Roche announced that Pegasys (peginterferon alfa-2a (40KD)) has been granted marketing authorization by the Swiss regulatory authorities, Swissmedic, for the treatment of chronic hepatitis B. The approval has been granted for both the HBe antigen-positive and HBe antigen-negative forms of the disease and was based on one of the largest clinical development programmes in hepatitis B ever, which included three global studies in more than 1,500 patients.
The studies showed that Pegasys was superior to two therapies currently recommended first-line; interferon alfa and lamivudine. In contrast to lamivudine, the most commonly prescribed medication today, Pegasys works by a two-pronged approach. It stimulates the immune system as well as inhibits virus replication. This offers physicians a new option with the advantages of a finite treatment duration and lasting remission from the disease.
"This is a major milestone not only for Switzerland but for the more than 90 other countries worldwide that rely on Swiss regulatory review for their own approval process," said William M. Burns, Head of Roche's Pharmaceutical Division. "Based on the results of our clinical programme, we would anticipate that Pegasys will become a first-line treatment for chronic hepatitis B," he said, adding that Pegasys is the worldwide market leader for the treatment of hepatitis C.
Chronic hepatitis B is a major global healthcare problem affecting more than 350 million people and it is one of the principal causes of liver failure, cirrhosis, and liver cancer. Between one-quarter and one-third of people with chronic hepatitis B will go on to develop progressive liver disease; and approximately one million die annually, making it the 10th leading cause of death worldwide.
Pegasys has been proven twice as effective as conventional interferon for the treatment of the most common form of chronic hepatitis B, hepatitis B e antigen (HBeAg) -positive chronic hepatitis B, in a multinational phase II trial. These findings were published in the July 2003 Journal of Viral Hepatitis.

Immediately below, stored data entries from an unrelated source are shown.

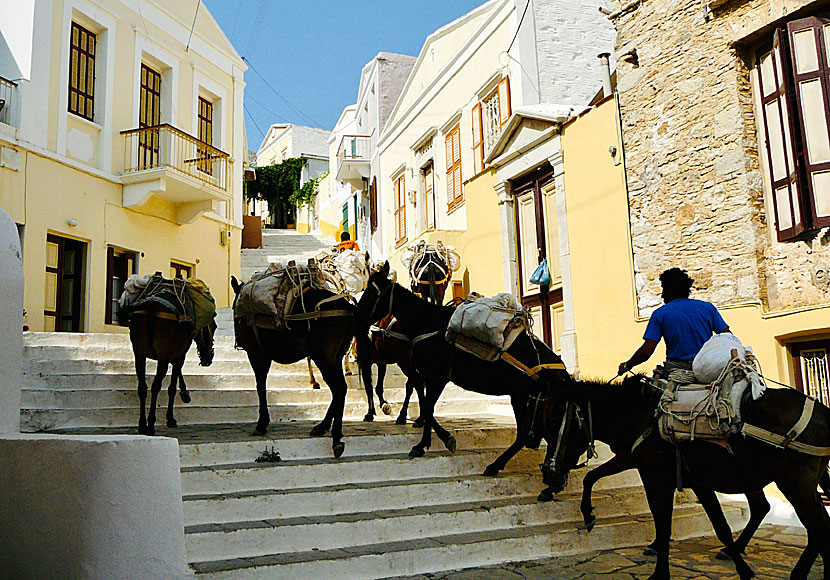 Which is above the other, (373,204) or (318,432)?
(373,204)

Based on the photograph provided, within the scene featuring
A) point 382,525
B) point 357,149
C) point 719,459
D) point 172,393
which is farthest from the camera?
point 357,149

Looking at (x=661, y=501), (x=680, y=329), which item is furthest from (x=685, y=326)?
(x=661, y=501)

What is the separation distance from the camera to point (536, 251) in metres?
10.9

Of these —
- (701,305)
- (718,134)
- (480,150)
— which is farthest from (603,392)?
(480,150)

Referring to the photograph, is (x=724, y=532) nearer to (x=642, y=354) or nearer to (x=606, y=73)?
(x=642, y=354)

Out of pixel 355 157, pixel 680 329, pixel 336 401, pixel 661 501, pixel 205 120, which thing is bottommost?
pixel 661 501

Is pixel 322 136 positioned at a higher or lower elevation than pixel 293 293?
higher

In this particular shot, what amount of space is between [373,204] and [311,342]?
16961 millimetres

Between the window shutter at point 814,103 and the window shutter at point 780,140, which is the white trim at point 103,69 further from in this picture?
the window shutter at point 814,103

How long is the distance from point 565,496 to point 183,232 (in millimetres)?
12575

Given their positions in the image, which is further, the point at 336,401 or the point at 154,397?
the point at 154,397

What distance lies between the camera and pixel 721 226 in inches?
300

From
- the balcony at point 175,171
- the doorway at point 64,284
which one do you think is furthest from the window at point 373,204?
the doorway at point 64,284

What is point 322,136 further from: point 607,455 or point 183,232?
point 607,455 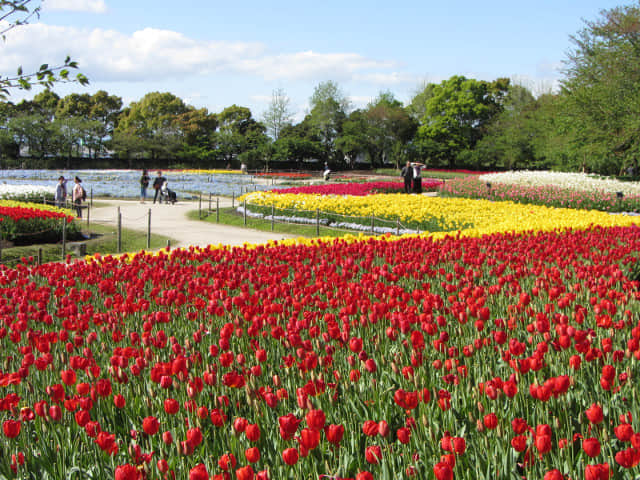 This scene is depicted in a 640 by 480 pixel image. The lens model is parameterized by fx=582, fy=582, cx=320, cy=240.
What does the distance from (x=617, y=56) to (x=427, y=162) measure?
127 ft

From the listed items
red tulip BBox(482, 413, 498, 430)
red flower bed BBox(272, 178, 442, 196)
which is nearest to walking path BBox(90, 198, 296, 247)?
red flower bed BBox(272, 178, 442, 196)

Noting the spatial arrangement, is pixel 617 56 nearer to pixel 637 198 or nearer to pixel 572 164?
pixel 637 198

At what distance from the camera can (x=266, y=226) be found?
765 inches

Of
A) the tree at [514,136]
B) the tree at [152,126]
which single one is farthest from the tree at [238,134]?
the tree at [514,136]

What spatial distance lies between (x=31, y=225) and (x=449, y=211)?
12.0m

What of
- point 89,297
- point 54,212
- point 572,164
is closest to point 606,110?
point 572,164

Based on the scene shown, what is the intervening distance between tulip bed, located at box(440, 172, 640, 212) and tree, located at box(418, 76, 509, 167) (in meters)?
38.8

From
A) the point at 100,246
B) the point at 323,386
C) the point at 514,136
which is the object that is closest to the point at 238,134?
the point at 514,136

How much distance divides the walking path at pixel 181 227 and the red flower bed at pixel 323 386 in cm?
856

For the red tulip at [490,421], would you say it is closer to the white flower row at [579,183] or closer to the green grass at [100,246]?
the green grass at [100,246]

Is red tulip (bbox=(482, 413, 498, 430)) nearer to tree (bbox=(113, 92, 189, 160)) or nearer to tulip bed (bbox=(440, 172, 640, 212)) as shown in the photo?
tulip bed (bbox=(440, 172, 640, 212))

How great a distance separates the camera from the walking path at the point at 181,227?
15484mm

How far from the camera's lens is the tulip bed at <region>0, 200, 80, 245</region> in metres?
14.8

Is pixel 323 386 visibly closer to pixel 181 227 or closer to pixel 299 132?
pixel 181 227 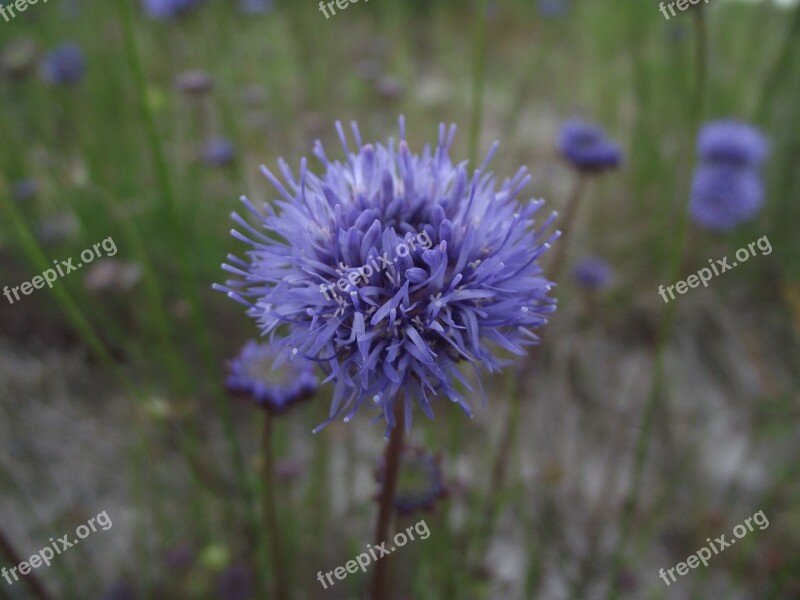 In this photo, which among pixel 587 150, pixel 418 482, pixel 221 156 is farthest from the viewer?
pixel 221 156

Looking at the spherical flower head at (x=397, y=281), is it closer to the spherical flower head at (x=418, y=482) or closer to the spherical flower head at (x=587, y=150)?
the spherical flower head at (x=418, y=482)

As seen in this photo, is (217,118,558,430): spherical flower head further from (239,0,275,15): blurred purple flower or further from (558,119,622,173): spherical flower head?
(239,0,275,15): blurred purple flower

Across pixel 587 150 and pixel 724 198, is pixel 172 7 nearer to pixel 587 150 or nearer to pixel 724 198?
pixel 587 150

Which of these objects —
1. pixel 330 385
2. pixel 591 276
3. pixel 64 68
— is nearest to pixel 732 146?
pixel 591 276

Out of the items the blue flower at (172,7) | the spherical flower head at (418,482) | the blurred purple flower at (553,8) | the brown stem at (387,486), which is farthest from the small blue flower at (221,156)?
the blurred purple flower at (553,8)

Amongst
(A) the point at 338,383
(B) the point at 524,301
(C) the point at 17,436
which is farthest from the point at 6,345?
(B) the point at 524,301

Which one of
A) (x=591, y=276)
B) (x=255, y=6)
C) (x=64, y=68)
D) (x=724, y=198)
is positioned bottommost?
(x=591, y=276) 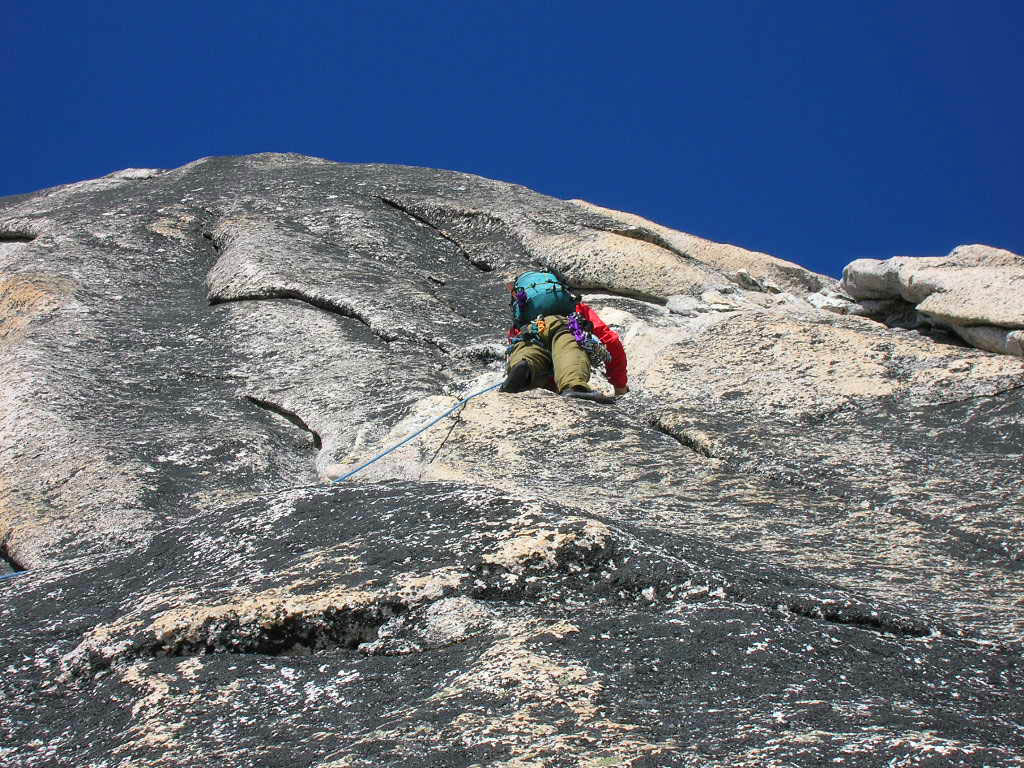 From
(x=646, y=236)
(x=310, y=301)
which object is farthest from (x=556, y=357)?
(x=646, y=236)

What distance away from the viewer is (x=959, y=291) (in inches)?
531

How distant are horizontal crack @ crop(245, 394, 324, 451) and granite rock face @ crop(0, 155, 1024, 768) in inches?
1.4

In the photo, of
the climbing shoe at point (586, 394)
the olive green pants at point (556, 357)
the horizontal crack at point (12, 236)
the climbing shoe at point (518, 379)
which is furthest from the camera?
the horizontal crack at point (12, 236)

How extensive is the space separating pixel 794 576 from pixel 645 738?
2.25 metres

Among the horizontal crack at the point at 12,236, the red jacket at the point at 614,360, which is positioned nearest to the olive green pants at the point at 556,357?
the red jacket at the point at 614,360

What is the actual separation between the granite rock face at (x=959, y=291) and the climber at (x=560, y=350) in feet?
14.2

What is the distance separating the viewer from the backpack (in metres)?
13.2

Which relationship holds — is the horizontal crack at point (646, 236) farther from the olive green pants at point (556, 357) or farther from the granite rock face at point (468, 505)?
the olive green pants at point (556, 357)

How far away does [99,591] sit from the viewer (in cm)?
666

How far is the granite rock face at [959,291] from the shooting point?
489 inches

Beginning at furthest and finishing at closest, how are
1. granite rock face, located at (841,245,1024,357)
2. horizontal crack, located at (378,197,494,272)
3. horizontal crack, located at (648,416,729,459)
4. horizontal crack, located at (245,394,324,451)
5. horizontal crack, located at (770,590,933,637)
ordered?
horizontal crack, located at (378,197,494,272) → granite rock face, located at (841,245,1024,357) → horizontal crack, located at (245,394,324,451) → horizontal crack, located at (648,416,729,459) → horizontal crack, located at (770,590,933,637)

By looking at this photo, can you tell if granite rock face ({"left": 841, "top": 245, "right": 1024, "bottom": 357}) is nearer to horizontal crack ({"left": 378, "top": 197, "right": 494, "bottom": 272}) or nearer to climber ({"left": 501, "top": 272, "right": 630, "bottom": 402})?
climber ({"left": 501, "top": 272, "right": 630, "bottom": 402})

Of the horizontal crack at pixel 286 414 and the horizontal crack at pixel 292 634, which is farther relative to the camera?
the horizontal crack at pixel 286 414

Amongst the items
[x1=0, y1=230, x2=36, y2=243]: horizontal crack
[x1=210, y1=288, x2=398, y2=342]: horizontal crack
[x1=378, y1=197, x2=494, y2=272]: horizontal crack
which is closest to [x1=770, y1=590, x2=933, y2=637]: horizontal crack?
[x1=210, y1=288, x2=398, y2=342]: horizontal crack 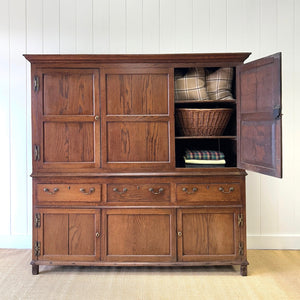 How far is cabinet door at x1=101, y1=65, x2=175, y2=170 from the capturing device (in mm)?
3045

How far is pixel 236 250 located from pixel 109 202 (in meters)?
1.09

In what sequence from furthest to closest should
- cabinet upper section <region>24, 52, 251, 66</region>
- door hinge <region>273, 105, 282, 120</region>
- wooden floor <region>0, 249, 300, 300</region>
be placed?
cabinet upper section <region>24, 52, 251, 66</region> → wooden floor <region>0, 249, 300, 300</region> → door hinge <region>273, 105, 282, 120</region>

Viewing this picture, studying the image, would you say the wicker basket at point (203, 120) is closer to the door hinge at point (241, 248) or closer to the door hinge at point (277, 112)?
the door hinge at point (277, 112)

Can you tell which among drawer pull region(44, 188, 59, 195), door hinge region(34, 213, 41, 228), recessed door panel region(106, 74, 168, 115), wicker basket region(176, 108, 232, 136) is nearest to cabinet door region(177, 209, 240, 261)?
wicker basket region(176, 108, 232, 136)

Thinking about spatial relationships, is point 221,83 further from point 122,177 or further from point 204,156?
point 122,177

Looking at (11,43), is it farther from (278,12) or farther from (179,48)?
(278,12)

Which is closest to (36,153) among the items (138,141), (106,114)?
(106,114)

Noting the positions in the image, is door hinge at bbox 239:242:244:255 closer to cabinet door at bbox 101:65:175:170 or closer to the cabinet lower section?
the cabinet lower section

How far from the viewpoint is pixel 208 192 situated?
303cm

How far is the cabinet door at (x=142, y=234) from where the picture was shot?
3.04 metres

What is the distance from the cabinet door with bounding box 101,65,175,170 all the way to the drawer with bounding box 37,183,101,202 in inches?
9.0

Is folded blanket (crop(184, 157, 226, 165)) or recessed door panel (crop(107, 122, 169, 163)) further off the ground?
recessed door panel (crop(107, 122, 169, 163))

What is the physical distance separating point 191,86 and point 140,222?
120 centimetres

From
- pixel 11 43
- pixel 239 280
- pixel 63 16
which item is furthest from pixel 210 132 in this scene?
pixel 11 43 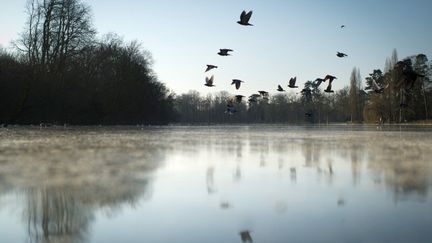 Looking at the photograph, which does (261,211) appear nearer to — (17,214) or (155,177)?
(17,214)

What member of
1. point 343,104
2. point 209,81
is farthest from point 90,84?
point 343,104

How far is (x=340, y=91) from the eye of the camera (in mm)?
122188

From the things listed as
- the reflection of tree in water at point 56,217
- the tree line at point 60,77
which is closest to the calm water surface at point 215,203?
the reflection of tree in water at point 56,217

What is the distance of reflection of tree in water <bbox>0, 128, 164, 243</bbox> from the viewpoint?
4488 millimetres

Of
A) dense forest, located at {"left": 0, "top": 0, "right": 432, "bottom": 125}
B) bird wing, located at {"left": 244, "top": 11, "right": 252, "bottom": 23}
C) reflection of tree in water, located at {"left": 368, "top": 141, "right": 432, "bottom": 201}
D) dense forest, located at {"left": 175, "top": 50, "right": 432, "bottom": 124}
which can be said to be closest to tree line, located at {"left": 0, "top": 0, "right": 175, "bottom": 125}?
dense forest, located at {"left": 0, "top": 0, "right": 432, "bottom": 125}

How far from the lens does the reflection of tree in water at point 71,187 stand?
14.7ft

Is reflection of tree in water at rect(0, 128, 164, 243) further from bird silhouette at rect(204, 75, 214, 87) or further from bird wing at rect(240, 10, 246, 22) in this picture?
bird silhouette at rect(204, 75, 214, 87)

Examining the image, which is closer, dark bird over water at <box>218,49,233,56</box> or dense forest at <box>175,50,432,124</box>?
dark bird over water at <box>218,49,233,56</box>

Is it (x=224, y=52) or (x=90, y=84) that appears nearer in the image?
(x=224, y=52)

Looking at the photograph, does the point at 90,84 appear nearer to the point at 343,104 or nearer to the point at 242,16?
the point at 242,16

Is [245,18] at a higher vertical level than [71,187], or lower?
higher

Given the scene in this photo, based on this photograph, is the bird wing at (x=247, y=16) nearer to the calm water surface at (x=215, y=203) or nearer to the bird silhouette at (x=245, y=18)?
the bird silhouette at (x=245, y=18)

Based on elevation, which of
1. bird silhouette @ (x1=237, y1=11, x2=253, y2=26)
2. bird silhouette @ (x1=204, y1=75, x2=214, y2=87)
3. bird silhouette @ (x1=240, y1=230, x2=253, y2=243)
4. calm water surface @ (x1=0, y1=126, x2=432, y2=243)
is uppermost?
bird silhouette @ (x1=237, y1=11, x2=253, y2=26)

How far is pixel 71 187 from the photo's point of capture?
22.1 feet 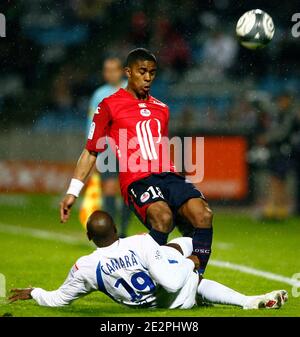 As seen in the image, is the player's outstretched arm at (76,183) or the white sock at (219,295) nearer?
the white sock at (219,295)

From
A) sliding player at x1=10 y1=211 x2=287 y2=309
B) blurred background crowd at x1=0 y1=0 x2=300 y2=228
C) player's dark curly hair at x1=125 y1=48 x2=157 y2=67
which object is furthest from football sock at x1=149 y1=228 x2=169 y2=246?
blurred background crowd at x1=0 y1=0 x2=300 y2=228

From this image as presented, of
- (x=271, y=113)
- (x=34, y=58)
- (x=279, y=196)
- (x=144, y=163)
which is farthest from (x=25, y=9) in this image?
(x=144, y=163)

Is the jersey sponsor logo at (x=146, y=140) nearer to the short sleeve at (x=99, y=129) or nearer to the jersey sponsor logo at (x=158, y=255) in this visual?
the short sleeve at (x=99, y=129)

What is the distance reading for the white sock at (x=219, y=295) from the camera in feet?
23.3

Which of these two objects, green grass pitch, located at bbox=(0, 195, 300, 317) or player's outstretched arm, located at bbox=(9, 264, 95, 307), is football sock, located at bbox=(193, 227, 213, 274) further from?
player's outstretched arm, located at bbox=(9, 264, 95, 307)

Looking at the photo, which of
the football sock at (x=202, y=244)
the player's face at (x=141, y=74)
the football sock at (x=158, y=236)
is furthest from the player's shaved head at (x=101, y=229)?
the player's face at (x=141, y=74)

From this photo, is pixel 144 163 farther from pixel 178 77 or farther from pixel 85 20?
pixel 85 20

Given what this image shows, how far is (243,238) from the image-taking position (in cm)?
1266

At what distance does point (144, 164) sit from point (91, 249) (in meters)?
3.58

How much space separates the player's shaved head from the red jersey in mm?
1171

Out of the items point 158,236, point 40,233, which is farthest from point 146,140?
point 40,233

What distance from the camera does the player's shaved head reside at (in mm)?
6746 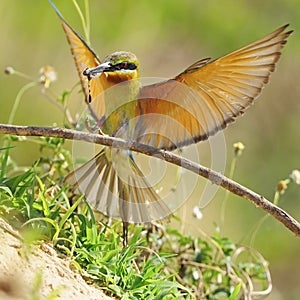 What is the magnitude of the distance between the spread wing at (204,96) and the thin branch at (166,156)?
20 cm

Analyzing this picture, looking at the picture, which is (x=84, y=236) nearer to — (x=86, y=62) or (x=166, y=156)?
(x=166, y=156)

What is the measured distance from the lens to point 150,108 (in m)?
2.18

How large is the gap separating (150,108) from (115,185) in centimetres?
18

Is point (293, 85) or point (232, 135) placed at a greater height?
point (293, 85)

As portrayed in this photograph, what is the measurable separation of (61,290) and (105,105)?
1.78 ft

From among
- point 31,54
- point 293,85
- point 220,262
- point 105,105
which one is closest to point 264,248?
point 293,85

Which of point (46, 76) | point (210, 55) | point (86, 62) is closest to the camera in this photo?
point (86, 62)

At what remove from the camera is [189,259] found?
2447 millimetres

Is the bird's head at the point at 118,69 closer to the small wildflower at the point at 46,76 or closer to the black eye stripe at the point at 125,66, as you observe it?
the black eye stripe at the point at 125,66

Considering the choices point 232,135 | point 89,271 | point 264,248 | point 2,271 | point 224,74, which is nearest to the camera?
point 2,271

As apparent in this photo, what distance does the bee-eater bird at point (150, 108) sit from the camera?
6.99ft

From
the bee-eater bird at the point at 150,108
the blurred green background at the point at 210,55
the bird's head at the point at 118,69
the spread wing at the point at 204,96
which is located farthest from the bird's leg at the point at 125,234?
the blurred green background at the point at 210,55

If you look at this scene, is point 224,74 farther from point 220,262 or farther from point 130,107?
point 220,262

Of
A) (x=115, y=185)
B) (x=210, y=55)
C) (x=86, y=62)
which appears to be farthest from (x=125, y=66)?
(x=210, y=55) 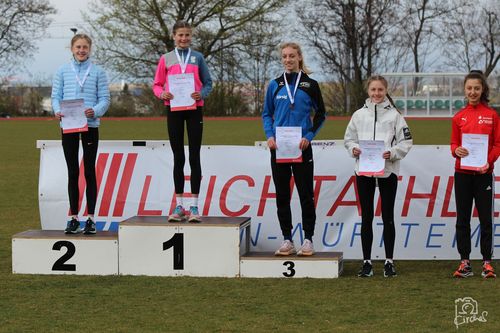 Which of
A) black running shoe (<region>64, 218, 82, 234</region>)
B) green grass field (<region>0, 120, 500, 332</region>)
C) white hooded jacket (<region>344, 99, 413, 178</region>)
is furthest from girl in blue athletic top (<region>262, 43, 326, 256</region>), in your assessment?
black running shoe (<region>64, 218, 82, 234</region>)

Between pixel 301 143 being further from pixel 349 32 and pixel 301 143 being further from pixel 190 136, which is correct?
pixel 349 32

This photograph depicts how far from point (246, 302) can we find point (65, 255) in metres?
1.89

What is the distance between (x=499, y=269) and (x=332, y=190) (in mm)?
1682

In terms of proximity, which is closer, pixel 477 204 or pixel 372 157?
pixel 372 157

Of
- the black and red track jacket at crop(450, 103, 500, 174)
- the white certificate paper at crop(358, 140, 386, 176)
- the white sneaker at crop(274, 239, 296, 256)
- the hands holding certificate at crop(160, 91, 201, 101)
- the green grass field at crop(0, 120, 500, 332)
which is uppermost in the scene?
the hands holding certificate at crop(160, 91, 201, 101)

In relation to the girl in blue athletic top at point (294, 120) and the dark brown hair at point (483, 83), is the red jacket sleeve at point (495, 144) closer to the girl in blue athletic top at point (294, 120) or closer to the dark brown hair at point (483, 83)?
the dark brown hair at point (483, 83)

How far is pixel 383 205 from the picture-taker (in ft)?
23.1

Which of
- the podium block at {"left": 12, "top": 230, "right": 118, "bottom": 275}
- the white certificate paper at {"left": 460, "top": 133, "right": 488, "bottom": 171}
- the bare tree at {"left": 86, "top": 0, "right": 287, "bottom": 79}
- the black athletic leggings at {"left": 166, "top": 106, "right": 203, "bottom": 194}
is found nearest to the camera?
the white certificate paper at {"left": 460, "top": 133, "right": 488, "bottom": 171}

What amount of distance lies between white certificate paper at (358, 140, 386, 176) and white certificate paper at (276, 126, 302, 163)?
0.51m

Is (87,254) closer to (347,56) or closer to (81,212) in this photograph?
(81,212)

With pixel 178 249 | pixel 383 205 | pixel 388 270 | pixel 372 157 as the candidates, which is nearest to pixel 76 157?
pixel 178 249

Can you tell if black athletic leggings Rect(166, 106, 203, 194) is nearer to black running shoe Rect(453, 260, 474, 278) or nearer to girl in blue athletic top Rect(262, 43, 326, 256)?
girl in blue athletic top Rect(262, 43, 326, 256)

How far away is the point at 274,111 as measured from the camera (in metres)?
7.16

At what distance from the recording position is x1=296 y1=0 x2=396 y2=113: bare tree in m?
57.2
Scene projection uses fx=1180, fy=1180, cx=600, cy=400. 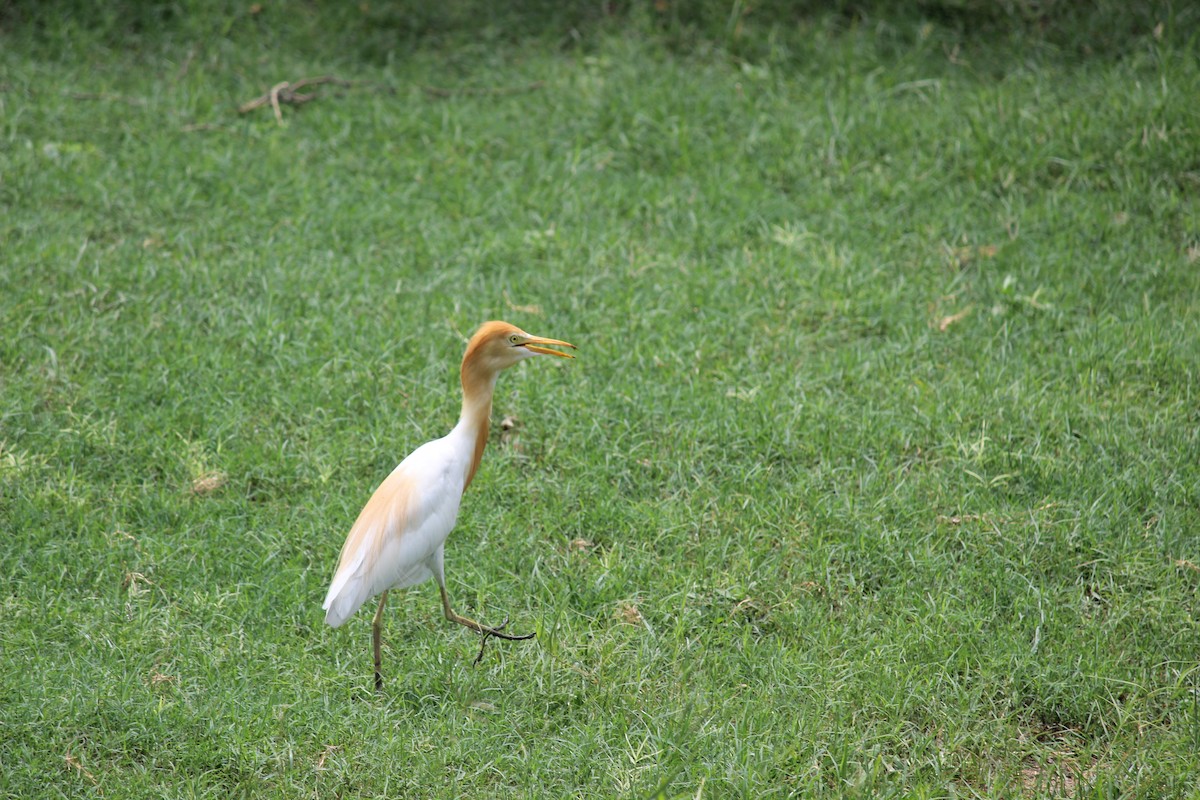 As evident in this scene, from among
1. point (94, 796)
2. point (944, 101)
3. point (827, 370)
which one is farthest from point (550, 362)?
point (944, 101)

Two large-scale multinational phase III trials, in patients with both the HBeAg-positive and HBeAg-negative forms of chronic hepatitis B, demonstrated that after 48 weeks of therapy, more patients achieved a sustained response with Pegasys than with lamivudine. Furthermore, these studies demonstrated that the addition of lamivudine to Pegasys did not improve response rates over Pegasys alone.
The phase III study results in HBeAg-negative chronic hepatitis B, the most difficult-to-treat form of the disease, were published in September in the New England Journal of Medicine2, and the results of the phase III study in patients with HBeAg-positive chronic hepatitis B were presented at the 2004 Annual Meeting of the American Association for the Study of Liver Diseases in November3. Both lead investigators have stated that the results of these trials warrant Pegasys becoming the first-line treatment for HBeAg-positive or HBeAg-negative chronic hepatitis B.
"Until now, conventional interferon or lamivudine have been the first-line treatments for patients with chronic hepatitis B, but these clinical trials have proven that Pegasys outperforms both," said Dr George Lau, gastroenterologist at the Queen Mary Hospital, Hong Kong; and Assistant Dean in the Department of Medicine at the University of Hong Kong. "This approval means that we have a significant new option whereby patients can achieve a lasting remission and we only need to provide treatment for a limited 48-week period."
Pegasys was filed for the treatment of chronic hepatitis B simultaneously in Switzerland, the United States and the European Union in the summer of 2004, and approvals in the US and the EU are anticipated early in 2005. It is the first pegylated interferon indicated for the treatment of chronic hepatitis B anywhere in the world and has already been approved for this indication in Thailand and Taiwan.
Pegasys, a new generation hepatitis therapy that is different by design, has already become the worldwide market leader in hepatitis C. Pegasys has a dual immunomodulatory and antiviral mode of action. The improved pharmacokinetic profile ensures drug plasma concentrations are maintained at constant levels throughout the one week dosing interval.